# Composer personae



## Abraham Lincoln (Oct 3, 2015)

If you had to choose a composer to represent yourself, who would it be and why?

Mine would be Mendelssohn because I am a history geek who draws pictures and loves J. S. Bach.


----------



## Ingélou (Feb 10, 2013)

Elisabeth Jacquet de La Guerre. 
She was a woman in the centre of things at the court of the Sun King, yet also she was on the fringe of things, not involved in court intrigue, but with a private life, devoted to music of all sorts and delighting in the improvisation of tunes. I'd like to be so talented.

But I think what draws me to her, and what we might have in common, is that she was 'a keeper': someone who took delight in art & nature and kept doing that even in the middle of worry and mishap. I wouldn't want her misfortunes, though, losing her mother, husband, and only son within a short time.

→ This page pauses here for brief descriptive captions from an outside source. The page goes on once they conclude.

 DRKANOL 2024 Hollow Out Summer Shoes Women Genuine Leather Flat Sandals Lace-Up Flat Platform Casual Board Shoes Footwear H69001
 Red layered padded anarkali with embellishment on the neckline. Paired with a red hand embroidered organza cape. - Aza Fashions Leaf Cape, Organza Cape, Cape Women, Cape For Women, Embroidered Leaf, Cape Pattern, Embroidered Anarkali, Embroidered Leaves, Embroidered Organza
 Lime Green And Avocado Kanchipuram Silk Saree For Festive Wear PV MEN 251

https://en.wikipedia.org/wiki/Élisabeth_Jacquet_de_La_Guerre


----------



## Nevum (Nov 28, 2013)

Mendelssohn also


----------



## Meyerbeer Smith (Mar 25, 2016)

Wagner.

With a dash of Berlioz, and admiring Rossini 's easy enjoyment of life and appetite for good food, wine, women and song and Massenet's charm and good taste.

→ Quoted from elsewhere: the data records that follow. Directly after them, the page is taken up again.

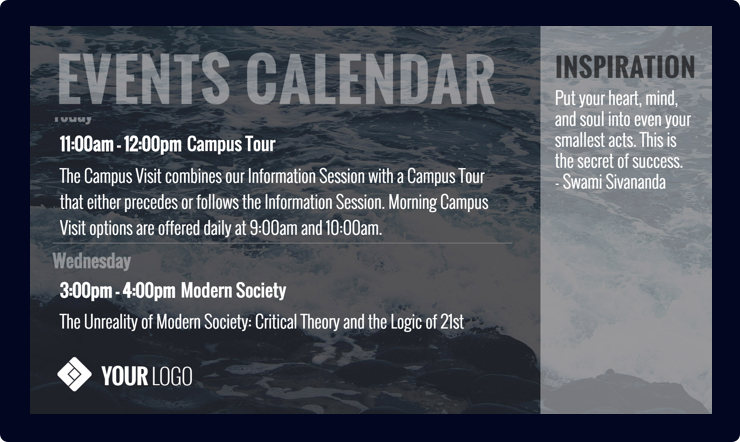 Local Announcements And Events Digital Signage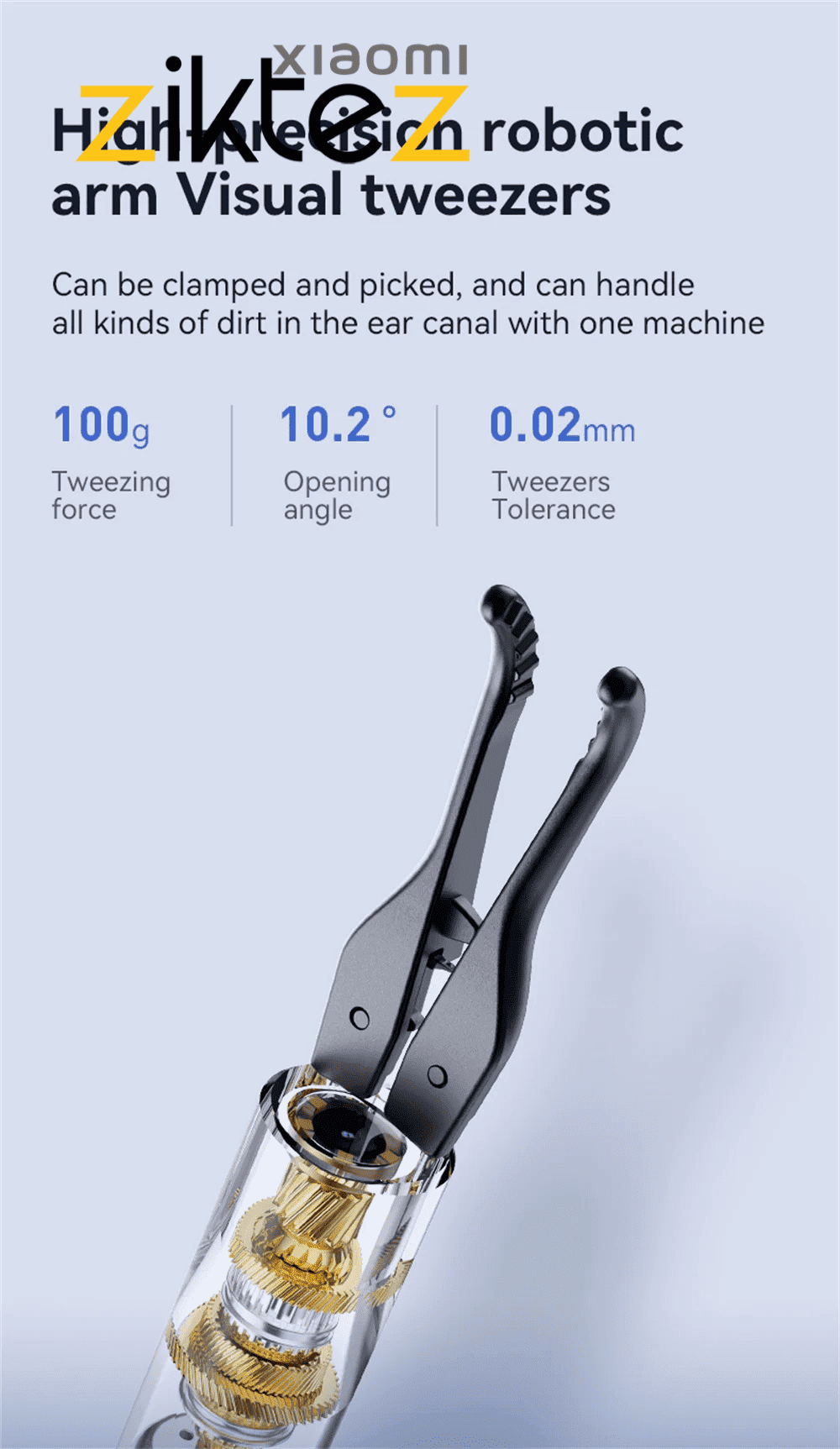 گوش پاک‌کن هوشمند حرفه ای ۴ کاره visual ear pick tweezers 10MP HD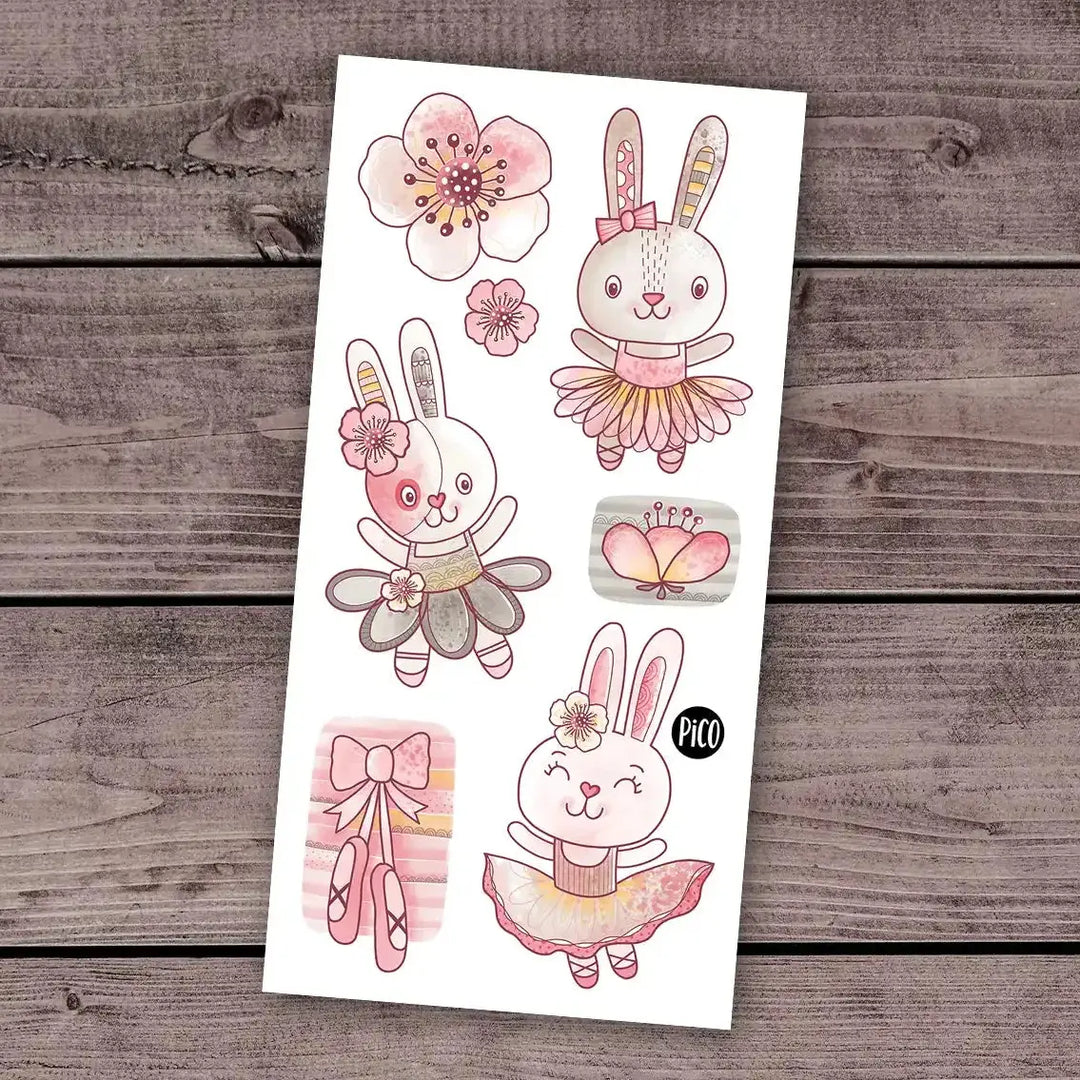 Ballet Bunnies Temporary Tattoos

But there's far more Wagner in me than I like!


----------



## Dawood (Oct 11, 2015)

Abraham Lincoln said:


> If you had to choose a composer to represent yourself, who would it be and why?


If they were representing me in court I would choose Wagner


----------



## Abraham Lincoln (Oct 3, 2015)

Dawood said:


> If they were representing me in court I would choose Wagner


Not in court - I meant a composer that would best represent who you are as a person.


----------



## Cosmos (Jun 28, 2013)

Hmmm...ironically, I'd say Brahms for myself. 

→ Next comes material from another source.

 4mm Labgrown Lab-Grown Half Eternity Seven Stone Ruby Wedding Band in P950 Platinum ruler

Love for nature, sarcastic humor, prefers to live modestly, more of a cultural appreciation for religion than a spiritual one...I feel that of all the composers' personalities who I know about, Brahms' is the closest to my own. I only say "ironically" because, for a long time, I didn't care for his music :lol: but it's all good now, I love his work


----------



## Guest (Apr 16, 2016)

Abraham Lincoln said:


> If you had to choose a composer to represent yourself, who would it be and why?
> 
> Mine would be Mendelssohn because I am a history geek who draws pictures and loves J. S. Bach.


Do you have a penchant for uniforms too?

I know nothing of any composer's personalities so you can pick one for me.

I know you'll be kind.


----------



## Fugue Meister (Jul 5, 2014)

Carl Ruggles..... and I don't care what you think. :devil:


----------



## Strange Magic (Sep 14, 2015)

I'll go along with Cosmos' choice of Brahms. I rather like Brahms' alleged motto of _Frei aber Froh_, "Free but Happy". I think that Brahms was probably a fairly cheerful fellow, confident in his musical preferences and gifts, and delighted with the richly textured and sonorous music playing about inside his head that he could get down on paper and was often well-received--probably also a strong source of inner contentment. Go, Brahms!


----------



## clavichorder (May 2, 2011)

Huh. Every composer was multifaceted no doubt, but my average impression of him is of a gruff and prickly person.


----------



## bz3 (Oct 15, 2015)

Beethoven but not for any of the good reasons like heroic character or masterful command of his art. Moreso for the moodiness, severe personality, and pathological longing. I also tend to give even friends a dressing down from time to time, against my better and more sober judgment. But hey, that's what friends are for.


----------



## Meyerbeer Smith (Mar 25, 2016)

Dawood said:


> If they were representing me in court I would choose Wagner


Utter conviction in himself, and no conviction for his client?


----------



## Strange Magic (Sep 14, 2015)

clavichorder said:


> Huh. Every composer was multifaceted no doubt, but my average impression of him is of a gruff and prickly person.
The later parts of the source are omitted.